Adon_Rosen · December 5, 2024, 5:27pm

Hi any and all Stan aficionados – I am having some trouble getting the following Poisson change point Stan model to run, the pairs plot seems to suggest that the slope and intercept variables within a change point are perfectly collinear. I am quite a novice for these issues so I was hoping I could defer to someone with more expertise in how to tackle this problem.

Stan code and simulated code to recreate my issue can be found below

data {
  // Define variables in data
  // Number of observations (an integer)
  int<lower=0> N;
  real x[N];
  // Count outcome
  int<lower=0> y[N];
}

parameters {
  real a1;
  real a2;
  real b1;
  real b2;
  real<lower=0> fixedkp;
}

transformed parameters  {
  //
  real lp[N];

  for (j in 1:N) {
    if (x[j] < fixedkp) 
      lp[j] <- a1 + b1*x[j];
    else  
      lp[j] <- a2 + b2*x[j];  
  }

}

model {
  // Prior part of Bayesian inference
  // Flat prior for mu (no need to specify if non-informative)
  a1 ~ normal(0,3);
  a2 ~ normal(0,3);
  b1 ~ normal(0,3);
  b2 ~ normal(0,3);
  fixedkp ~ uniform(1,30);

  // Likelihood part of Bayesian inference
  y ~ poisson_log(lp);
}

n1 <- 1000
n2 <- 1000
a1 <- 4
b1 <- -.2
a2 <- .5
b2 <- .0044
x1 <- sample(1:11, n1, replace=TRUE)
mu <- exp(a1 + b1 * x1 + rnorm(n1,.2,.3))
y1 <- rpois(n=n1, lambda=mu)
x2 <- sample(12:21, n2, replace=TRUE)
mu <- exp(a2 + b2 * x2 + rnorm(n2, .2,.3))
y2 <- rpois(n=n2, lambda=mu)
## Now make the data frame
out.dat = data.frame(y = c(y1, y2), x = c(x1, x2))
stan.data = list(
    N = nrow(out.dat),
    x = out.dat$x,
    y = out.dat$y
)
plot(out.dat$x, out.dat$y)
stanmonitor <- c("a1","a2","b1","b2","fixedkp")
mod <- stan(file="/home/arosen/Documents/pinesRep/scripts/stan_models/singleBasePoisCP.stan", 
    data = stan.data, cores=4,
    pars = stanmonitor, 
    iter=1000, warmup = 500, control = list(adapt_delta = 0.9, max_treedepth = 15))

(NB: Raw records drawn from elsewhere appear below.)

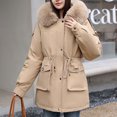 thumbnail image 1 of Mifsaly Quilted Jackets for Women 2025 Faux Fur Hood Zip up Padded Coats Oversized Long Sleeve Thicken Warm Down Jacket Tunic Soild Color Thermal Winter Outerwear with Pockets, 1 of 4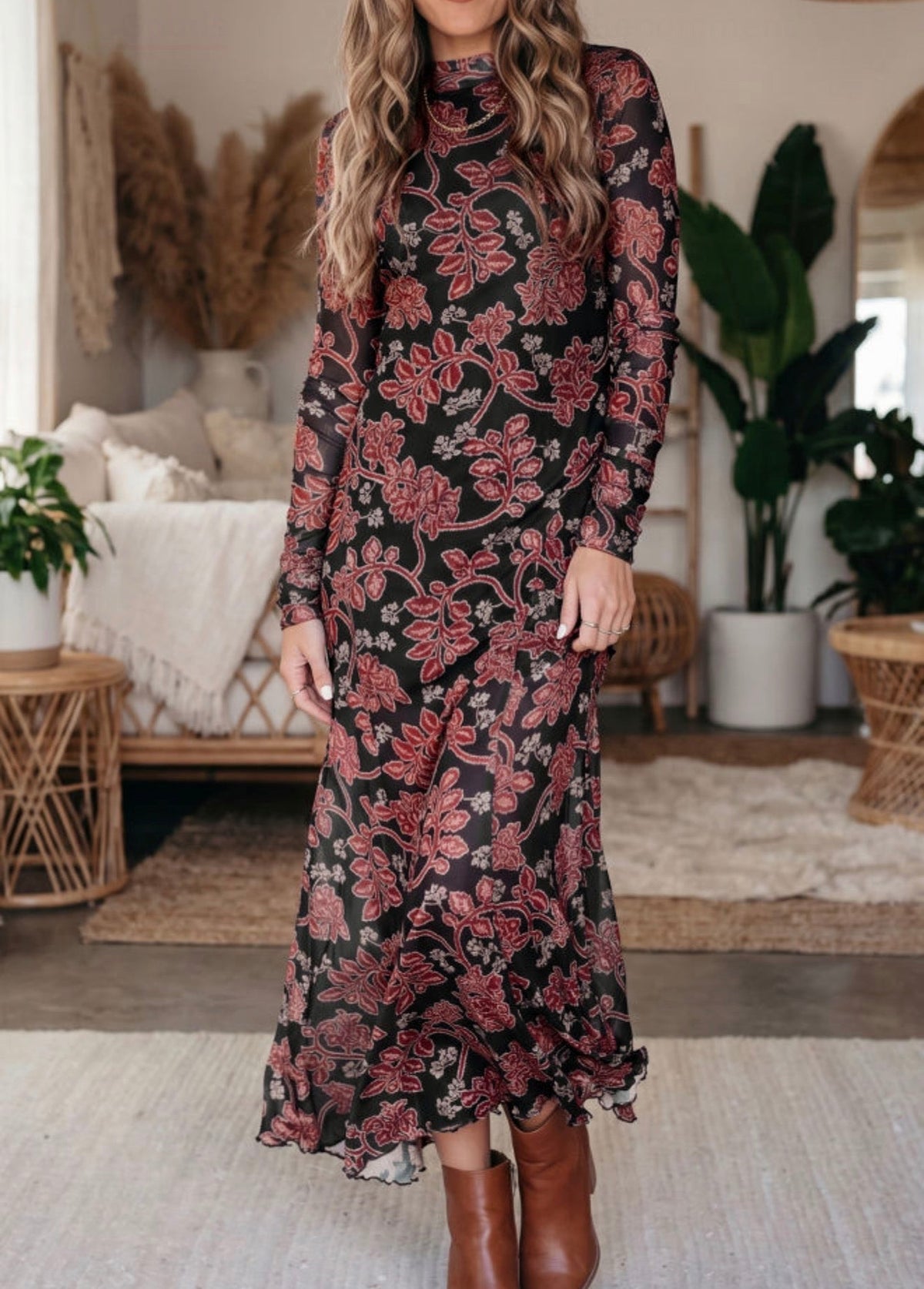 Black Retro Floral Print Mesh Long Sleeve Dress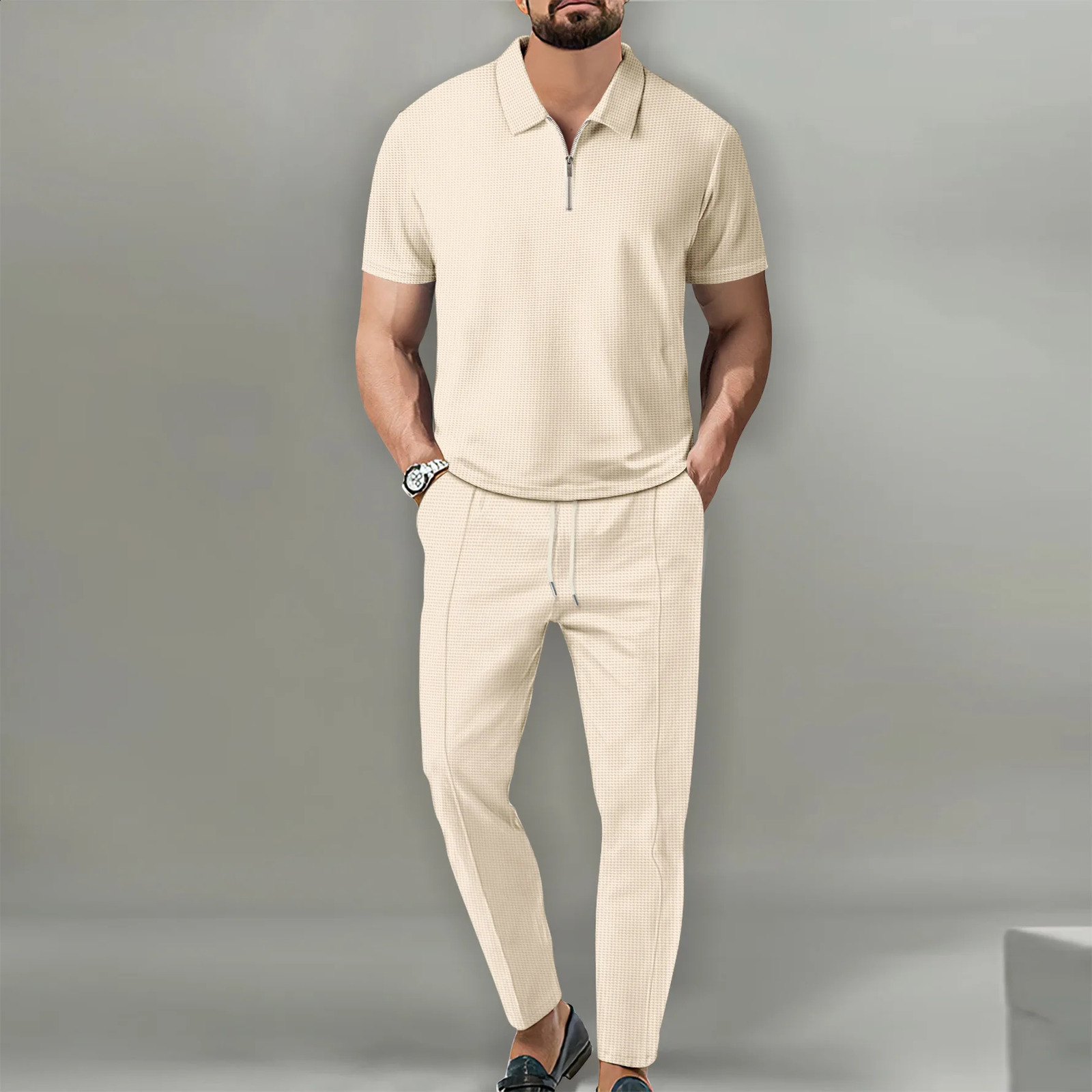 mens polo shirts 2 sets of casual and fashionable commercial breathable lapels pants drawstring solid color mens 2 sets 250318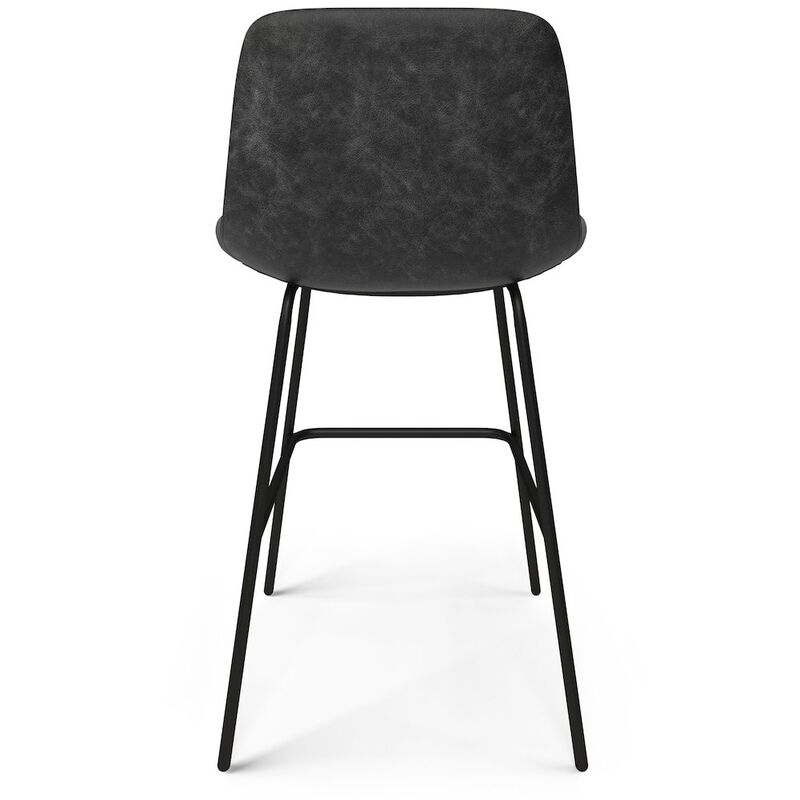 Simpli Home Counter Height Stool (Set Of 2) In Distressed Charcoal Grey Vegan Faux Leather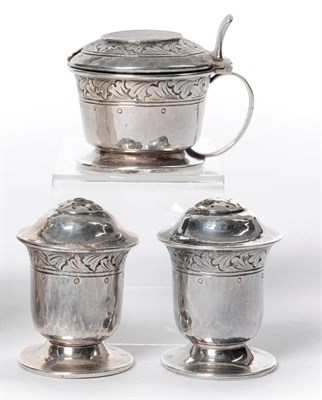 Lot 476 - An Arts & Crafts Three Piece Condiment Set, Liberty & Co, Birmingham 1915/6, of everted...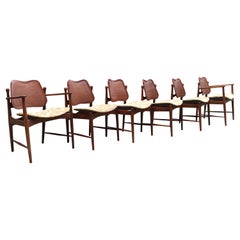 Set of Six Arne Vodder Teak and Cane Back Dining Chairs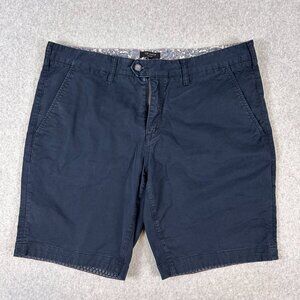 Ted Baker Shorts Men's 38R Navy Blue Chino Pockets Flat Front Stretch Casual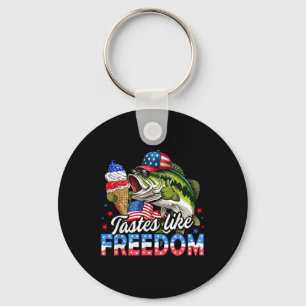 Tastes Like Freedom B Fishing Patriotic 4th Of Jul Keychain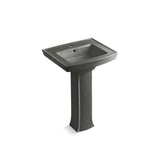 Kohler - Archer 24'' rectangular pedestal bathroom sink - Thunder Grey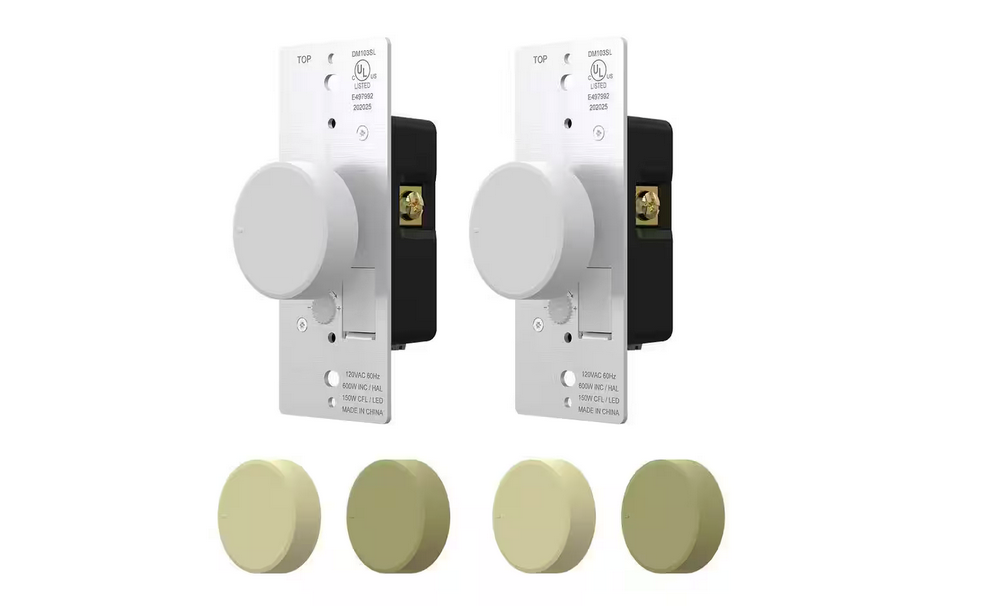 Rotary Dimmer Switch for Dimmable LED/CFL and Incandescent Bulbs, Single Pole/3-Way, White/Ivory/Almond (2-Pack) - 91006545943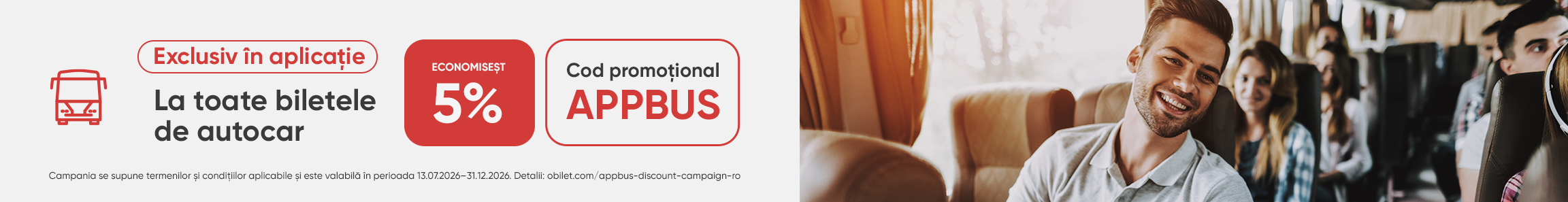 Reducere specială la achiziționarea biletelor de autobuz prin aplicația mobilă Obilet!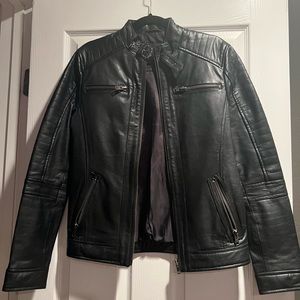 Men leather biker jacket , from ASOS. Size S, 100% sheep leather. Brand Barneys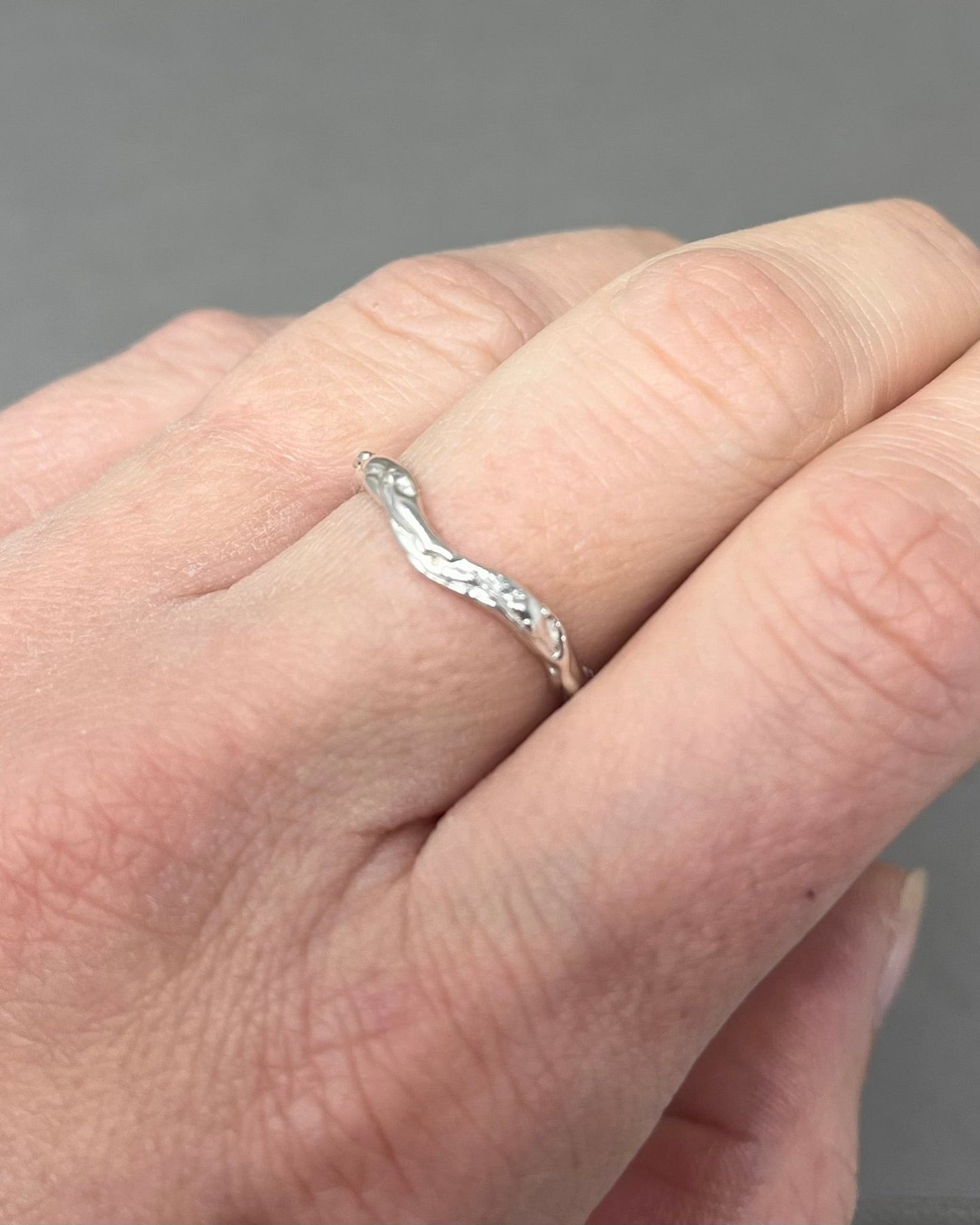 Molten Silver Wishbone Ring - Emily Lisbeth Jewellery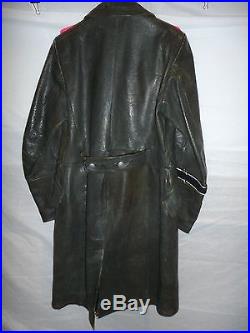 Zg2 WWII German Leather Overcoat Size 36 Length 44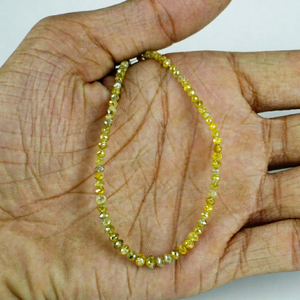 Cadena de cuentas facetadas de diamante amarillo de 2-3 mm, cuentas de diamante amarillo natural, cadena de 15 pulgadas - Product Image 1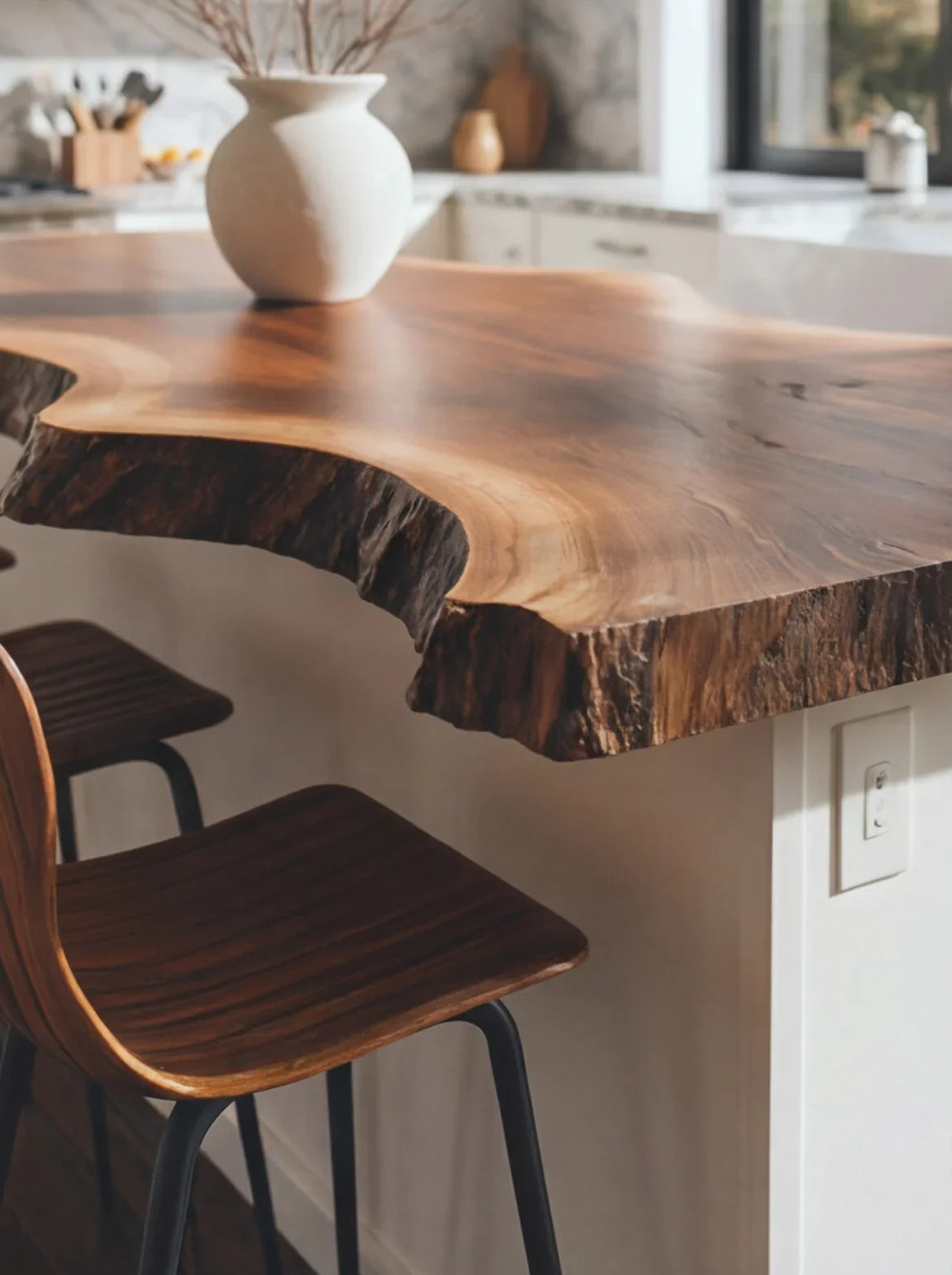 Live edge solid wood kitchen island table with natural finish and two wooden bar stools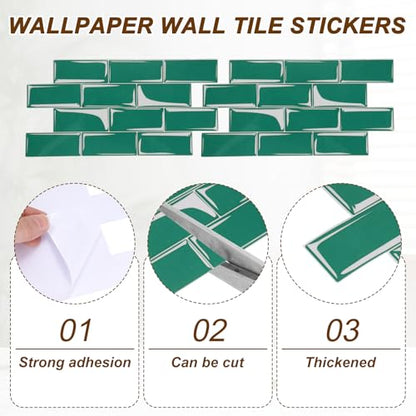 HARFINGTON Peel and Stick Backsplash Tiles 9.4"x4.7" Dark Green, 10Pcs - color: Dark Green
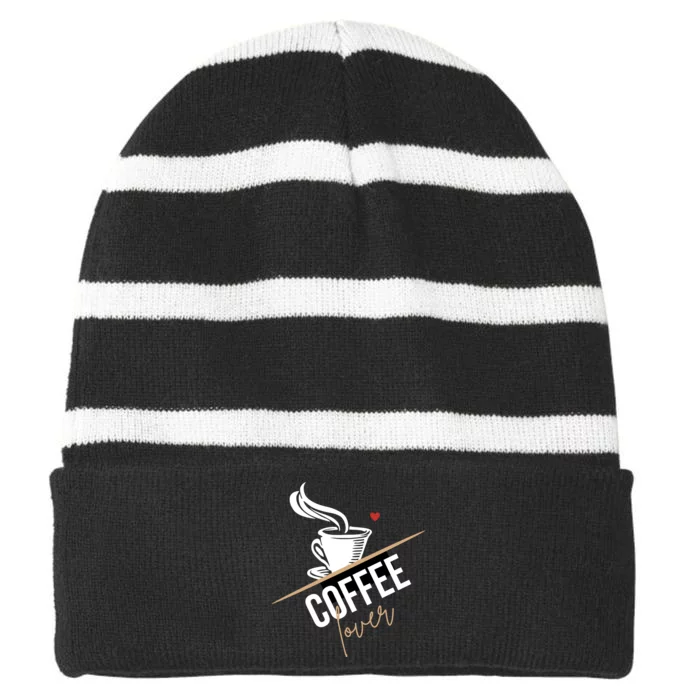 Peace Love Coffee Lovers Hippie Striped Beanie with Solid Band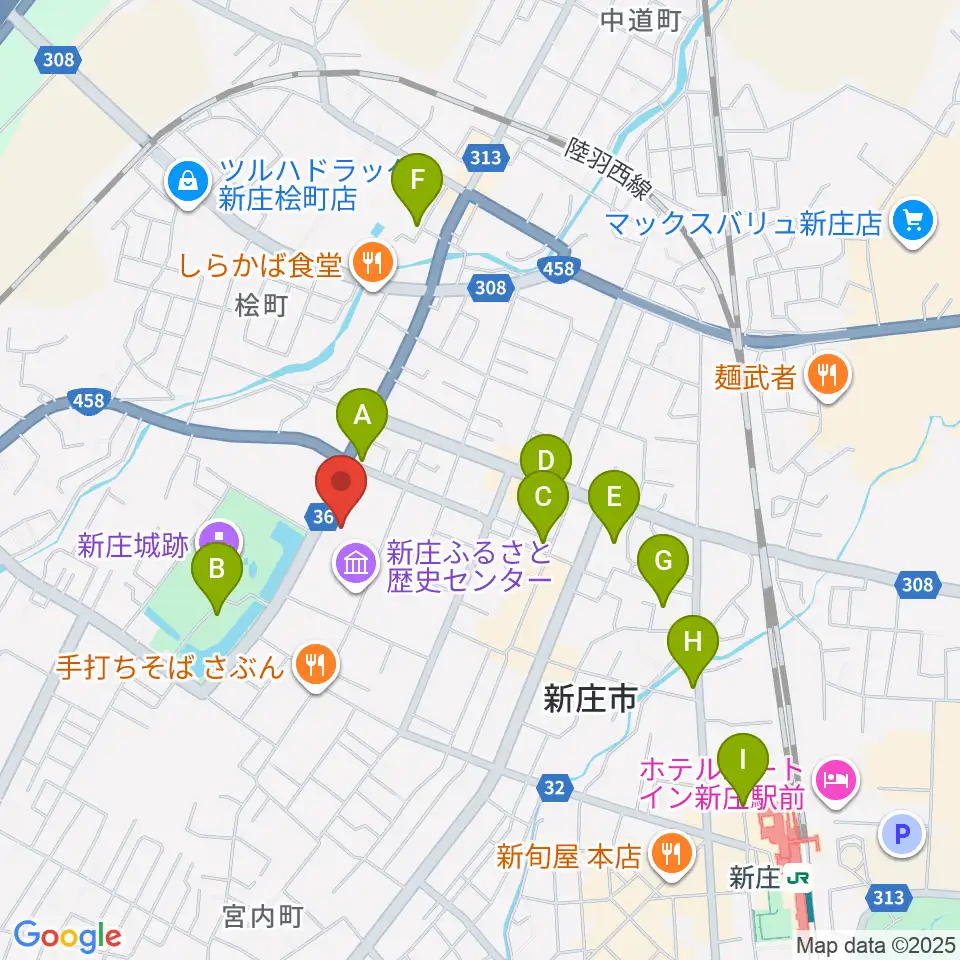 新庄市民文化会館周辺の駐車場・コインパーキング一覧地図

js592 · December 5, 2024, 6:58pm

There are a few syntax errors in your provided Stan code. The following complies and runs with cmdstanr 0.8.1:

data {
  // Define variables in data
  // Number of observations (an integer)
  int<lower=0> N;
  vector[N] x;
  // Count outcome
  array[N] int<lower=0> y;
}

parameters {
  real a1;
  real a2;
  real b1;
  real b2;
  real<lower=0,upper=21> fixedkp;
}

transformed parameters  {
  //
  vector[N] lp;

  for (j in 1:N) {
    if (x[j] < fixedkp) 
      lp[j] = a1 + b1*x[j];
    else  
      lp[j] = a2 + b2*x[j];  
  }

}

Second, the normal noise added in constructing the mu term, e.g.:

mu <- exp(a1 + b1 * x1 + rnorm(n1,.2,.3))

does not appear in the Stan model, which will probably cause issues with recovering the true parameter values.

Finally, the model as currently specified is probably not identifiable under the uniform prior on the changepoint location. I was able to get things to work with a normal(10,3) prior on the changepoint – you may want to think about if your problem lends itself to at least a weakly informative prior. Alternatively, you may also wish to investigate if the mean function needs to be discontinuous at the changepoint. If not you might have better efficiency working with splines.

Adon_Rosen · December 6, 2024, 3:33pm

Hi @js592 thanks for looking over my code – I couldn’t exactly find where you changed my Stan code, could you provide some hints?

My concern wasn’t getting with the Stan code compiled, although your tips did improve speed of the model slightly, the bigger issue was how my within change point slope parameter estimation distribution are highly correlated, if you look at the pairs plot of the output there appears to be strong correlation between the A1 & B1 parameters.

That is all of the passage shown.